Plaintiffs chose to bring this lawsuit in federal court, and it is their burden to demonstrate to the Court that it has subject-matter jurisdiction. Given the dispute, Plaintiffs must establish by a preponderance of the evidence that the litigation is between citizens of different states, and that the amount in controversy exceeds $75,000, exclusive of interest and costs. 28 U.S.C. § 1332; LM Ins. Corp. v. Spaulding Enterprises Inc., 533 F.3d 542, 547 (7th Cir. 2008) ("A proponent of federal jurisdiction must, if material factual allegations are contested, prove those jurisdictional facts by a preponderance of the evidence"). In what they call an "eleventh-hour attempt," Plaintiffs have provided documentation to support their allegation that Ms. DeCrane is a resident of Kentucky, but the documents they submit are not admissible evidence from which the Court can draw conclusions regarding her citizenship.
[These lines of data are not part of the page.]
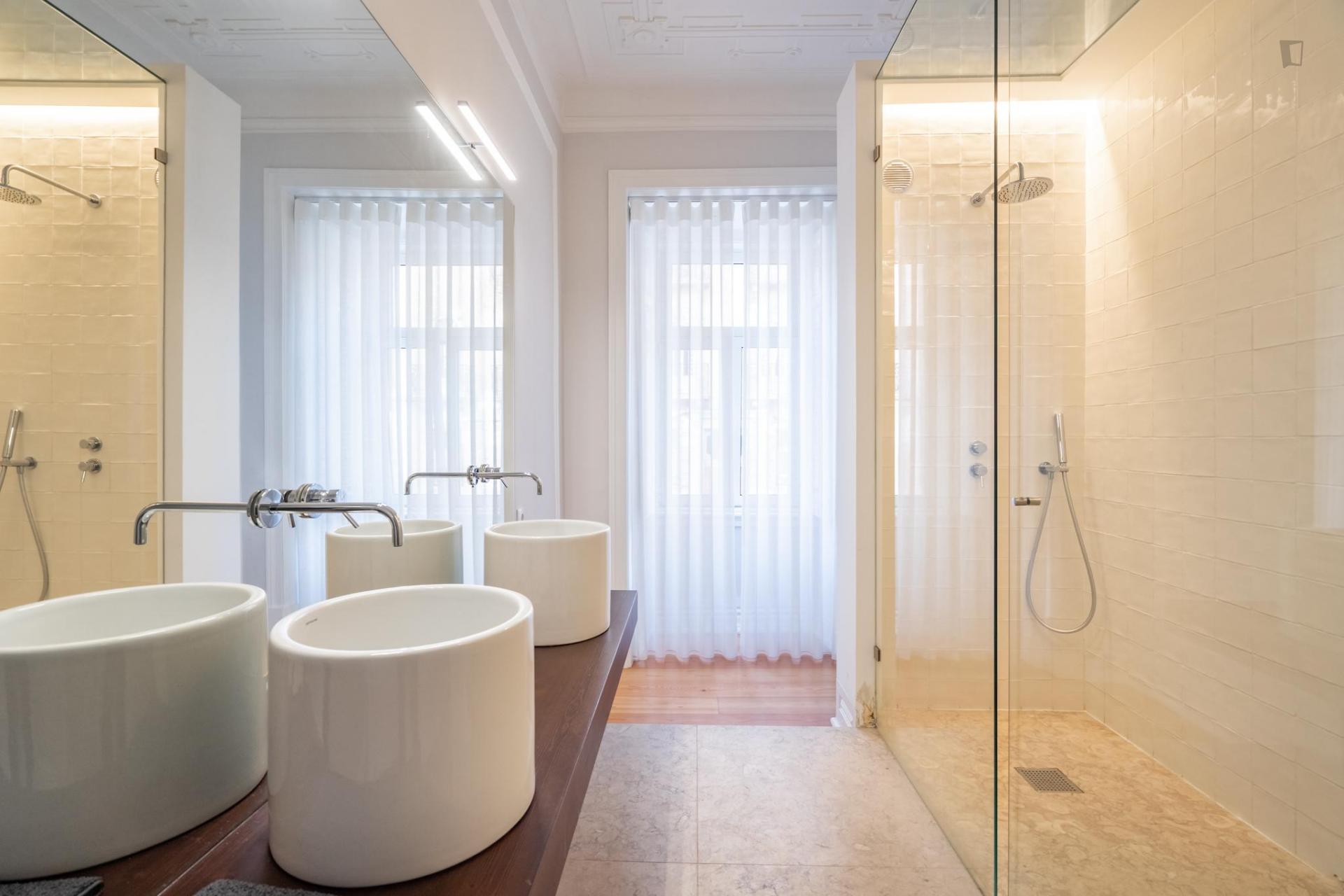 Farmacêutica- Luxury 4 bedroom apartment in Lisbon - Bathroom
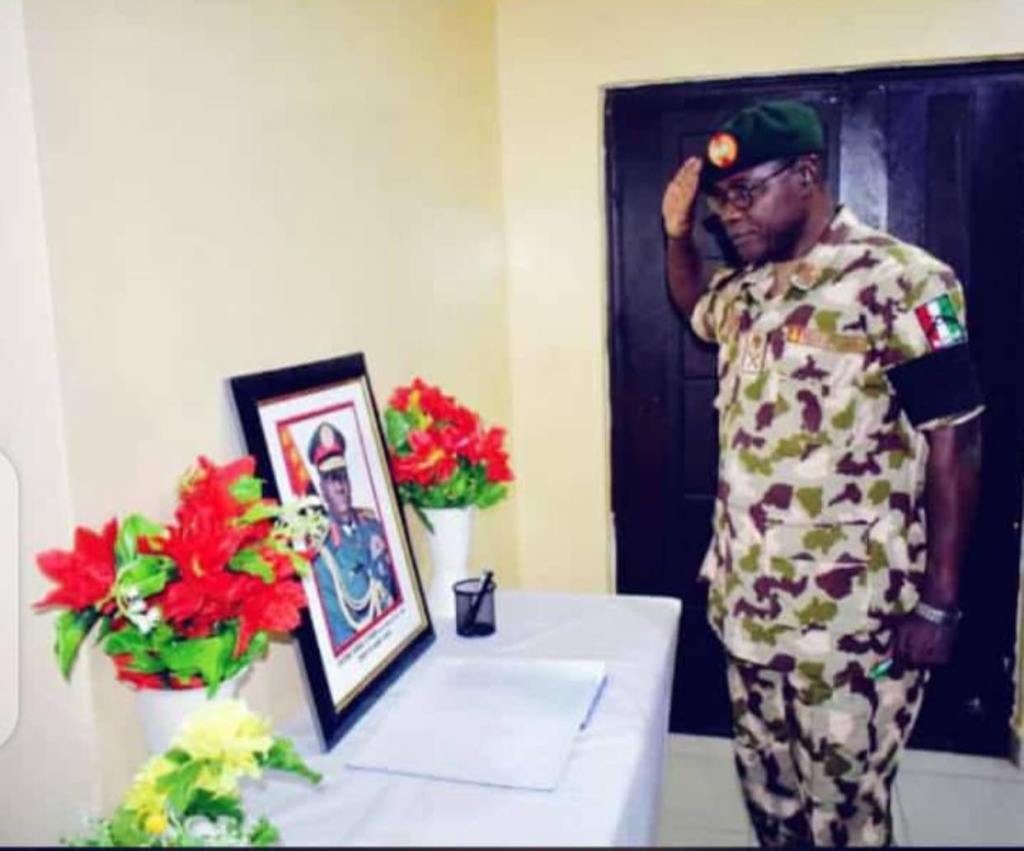 Attahiru New Army Chief, Yahaya Pays Last Respect To Attahiru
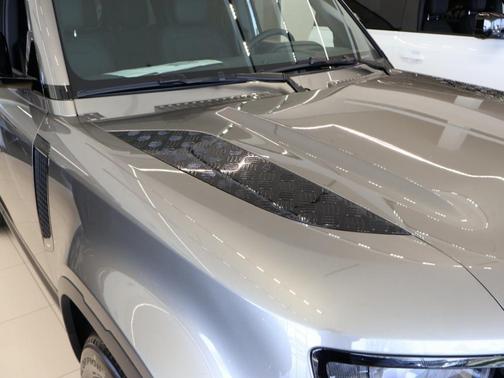 2025 Land Rover Defender P300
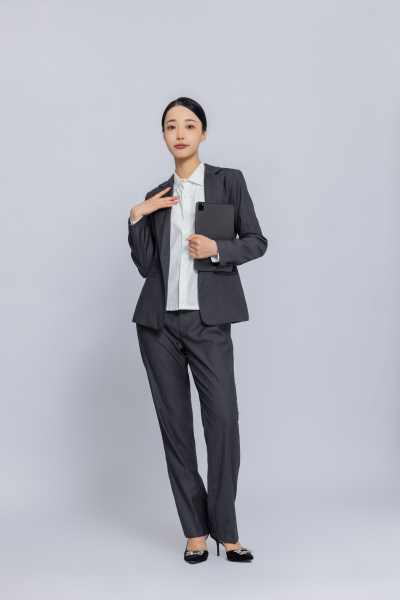女性职业形象照站姿实拍图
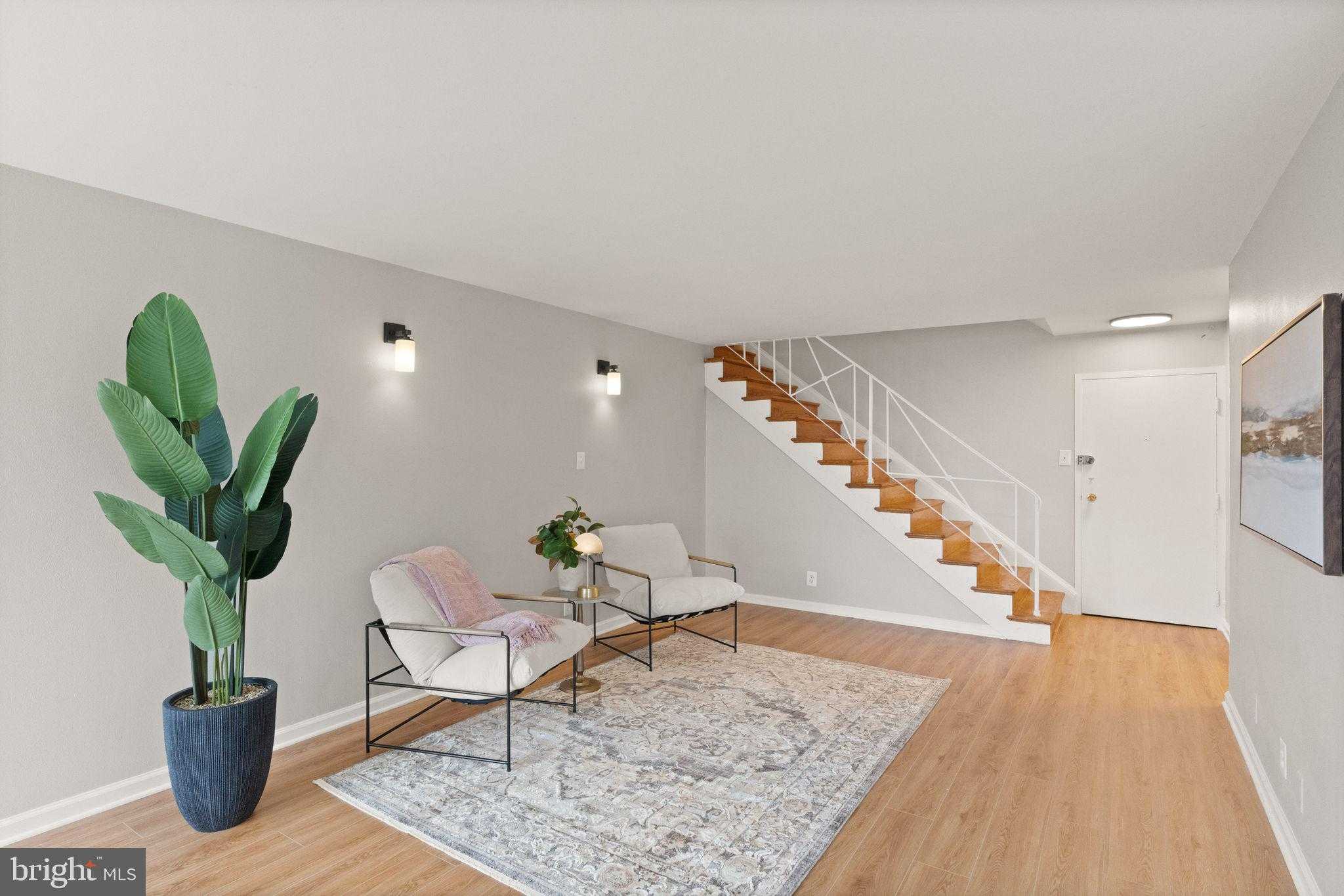 301 N Beauregard St Apt 1103 photo 2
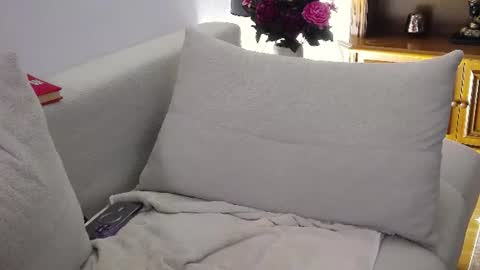 anabelle0904 online show from August 12, 7:27 pm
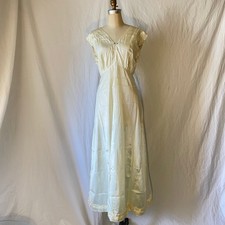 Vtg 1940s Ivory Rayon Taffeta Nightgown Hostess Gown Diamond Midriff Ruffle 40s picture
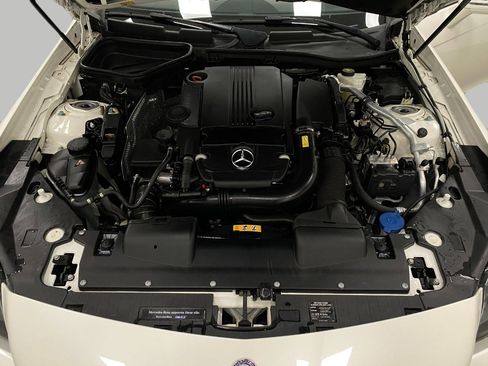 Used 2014 Mercedes-Benz SLK 250 image 11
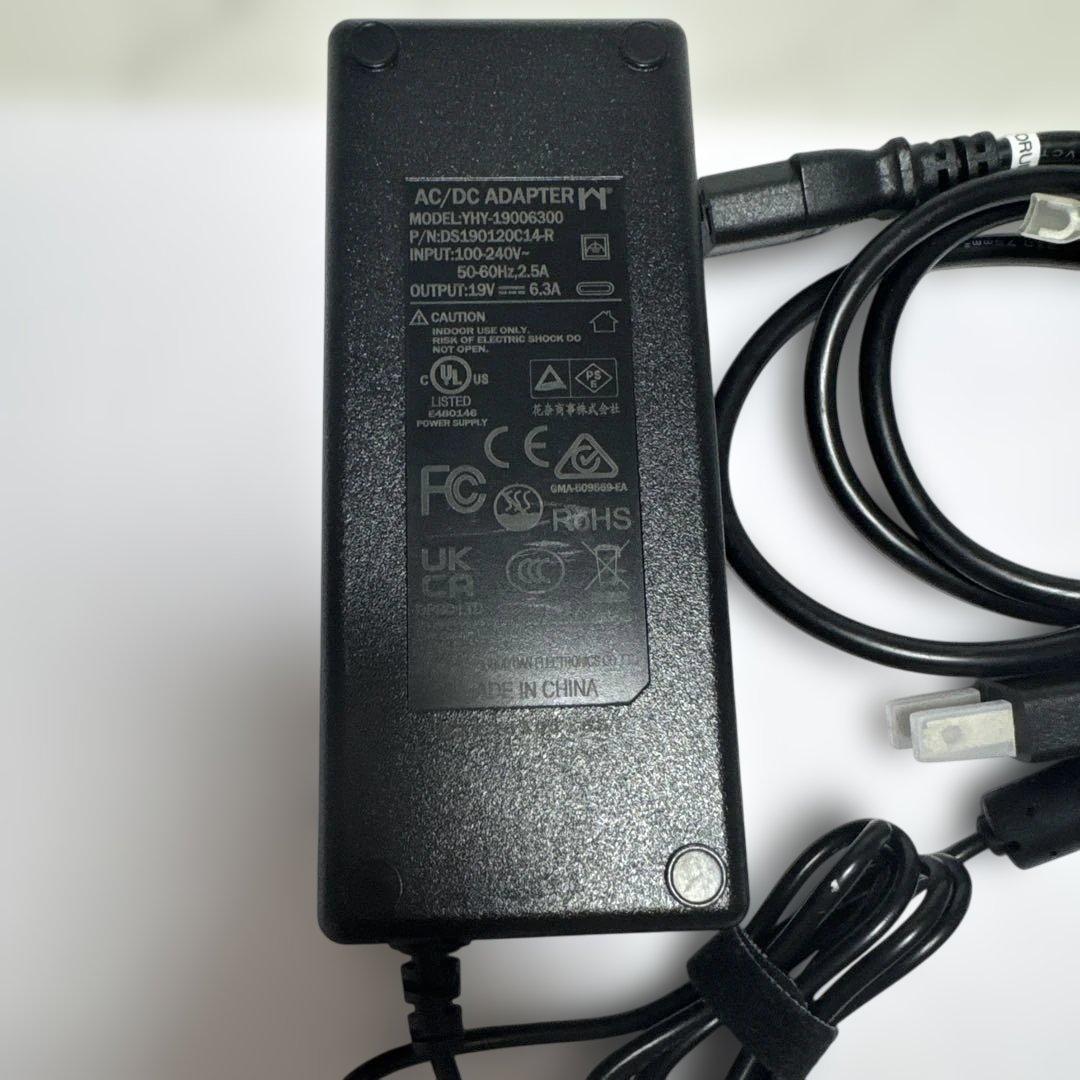 MINISFORUM HM90 HM90-16/512　小型デスクトップパソコン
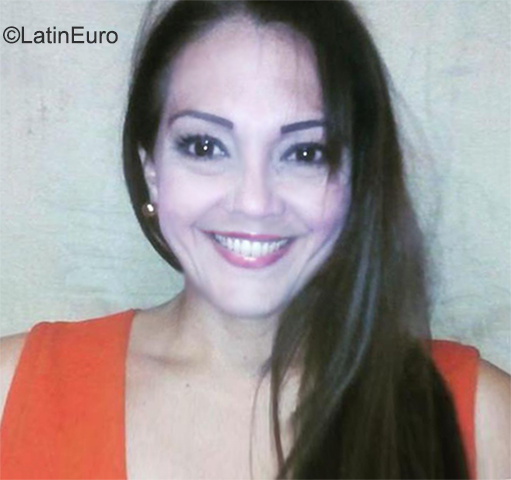Date this gorgeous Venezuela girl Rina from Maracaibo VE4102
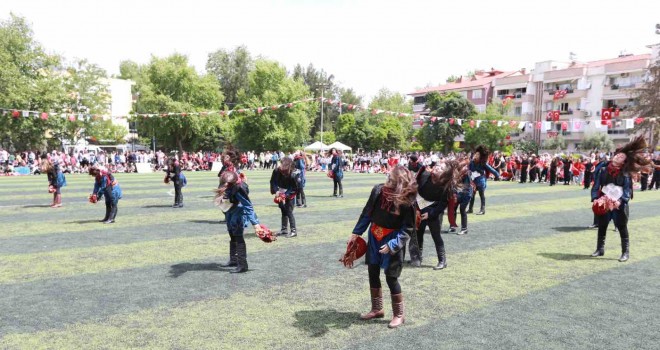 Filiz Başkan'dan halk oyunlarına destek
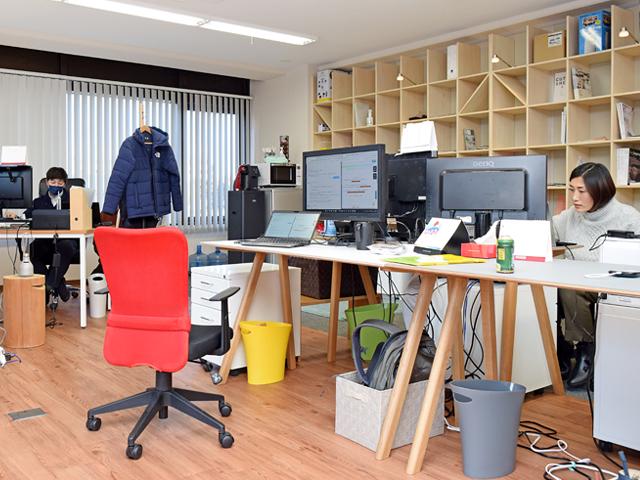 3Fに設けられた執務室。既婚者・子持ちも多い。影山氏が推進している風土づくりのポイントは、ワークライフ・バランスを重視してゆく“働きやすい”環境だ。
Finally, the Court does not have "discretion" when it comes to whether it has subj ect-matter jurisdiction, as Plaintiffs suggest. Rather, the issue is black and white - there either is subject-matter jurisdiction or there is not. The problem in this case is that, as to Ms. DeCrane's claims, the Court cannot answer that question because Ms. DeCrane has not sustained her burden of proof. The Court cannot and will not look the other way and allow her claim to proceed without resolution of this issue.

The Court has made clear from the outset of this litigation that each Plaintiff's claim stands on its own jurisdictional merit. See, e.g., Del Vecchio v. Conseco, Inc., 230 F.3d 974, 978 (7th Cir. 2000) (each plaintiff must meet amount in controversy requirement); see also Filing No. 10. --------

That said, the Court recognizes that Plaintiffs' counsel has been in contact with Ms. DeCrane, that she appeared willing to provide a declaration (and, in fact, advised that she had sent one to Plaintiffs' counsel), but that she is now out of the country for a scheduled trip and is unavailable. The Court will afford Ms. DeCrane one more opportunity to sustain her burden of proof regarding subject-matter jurisdiction by providing a declaration. The Court ORDERS Plaintiffs to obtain a declaration from Ms. DeCrane, provide it to Eli Lilly, and facilitate the filing of a joint jurisdictional statement setting forth Ms. DeCrane's citizenship no later than September 11, 2015. Failure to do so by this deadline will subject Ms. DeCrane's claims to dismissal.

Date: August 25, 2015

/s/_________

Hon. Jane Magnus-Stinson, Judge

United States District Court

Southern District of Indiana
Distribution via ECF only to all counsel of record


Summaries of

Decrane v. Eli Lilly & Co.

UNITED STATES DISTRICT COURT SOUTHERN DISTRICT OF INDIANA INDIANAPOLIS DIVISION
Aug 25, 2015
1:15-cv-00365-JMS-DKL (S.D. Ind. Aug. 25, 2015)
Case details for

Decrane v. Eli Lilly & Co.

Case Details

Full title:DENISE GAY DECRANE and CHRISTOPHER HAGAN HUFF, Plaintiffs, v. ELI LILLY…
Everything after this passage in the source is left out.